Work remotely with PyCharm, TensorFlow and SSH

Wouldn’t it be awesome to sit at a café with your laptop, creating large neural networks in TensorFlow, crunching data with speeds of several terraFLOPS, without even hearing your fan spinning up? This is possible using a remote interpreter in PyCharm, and you get almost the same experience working remotely as working locally.

However, this is currently only possible in PyCharm Professional (Community Edition will not do). If you are a student your University should have an arrangement so you can download it for free, otherwise you’ll have to buy it. Here is how I set it up from scratch (you may want to skip some of the steps):

Remote data crunching machine

Hopefully your remote machine doesn’t look like this.

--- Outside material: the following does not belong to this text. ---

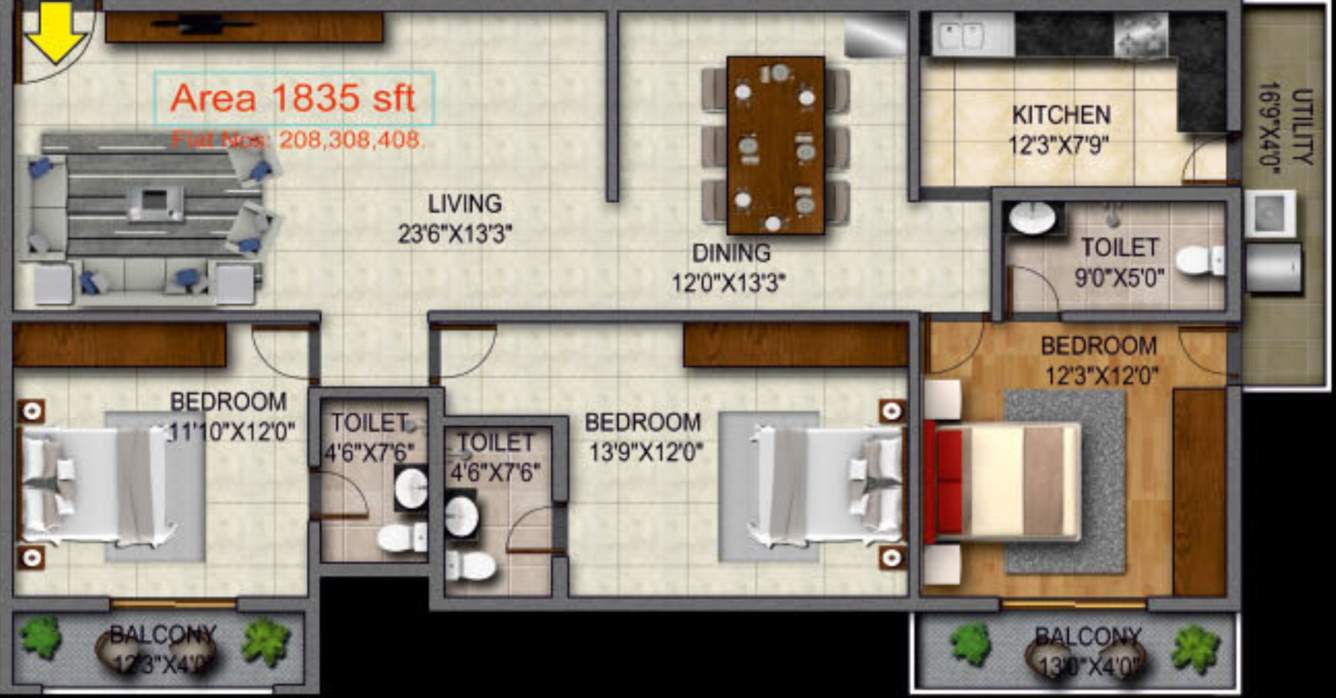  lalbagh residency Floor Plan Floor Plan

This is your stationary remote machine, perhaps fitted with one or several state-of-the-art GPU:s from Nvidia! (I don’t like the current deep learning monopoly, but TensorFlow can only use Nvidia GPUs). First let’s install the latest Ubuntu, I recommend the desktop version, you can always kill the GUI-service later to free up graphics memory. Connect it to Internet and check you LAN IP-address by opening up a terminal typing ifconfig. I will assume it is 192.168.0.1 in the instructions later.

Setup SSH

In order to be able to communicate with your crunching-machine, you need to install SSH on it. Open up a terminal on your stationary computer and get it:

sudo apt-get install ssh

Enable SSH X11-forwarding so that you can plot things, open the configuration file like this.

sudo gedit /etc/ssh/sshd_config

Then locate the row that says

# X11Forwarding yes

Simply remove the hash-sign to uncomment the line, save and close the file.

Graphics

Next install the graphics drivers, they are usually proprietary, so you need to add a new repository to your package manager. What package you’ll need depend on your graphics card and Ubuntu version. As of writing nvidia-367 is the latest one, see more on this page.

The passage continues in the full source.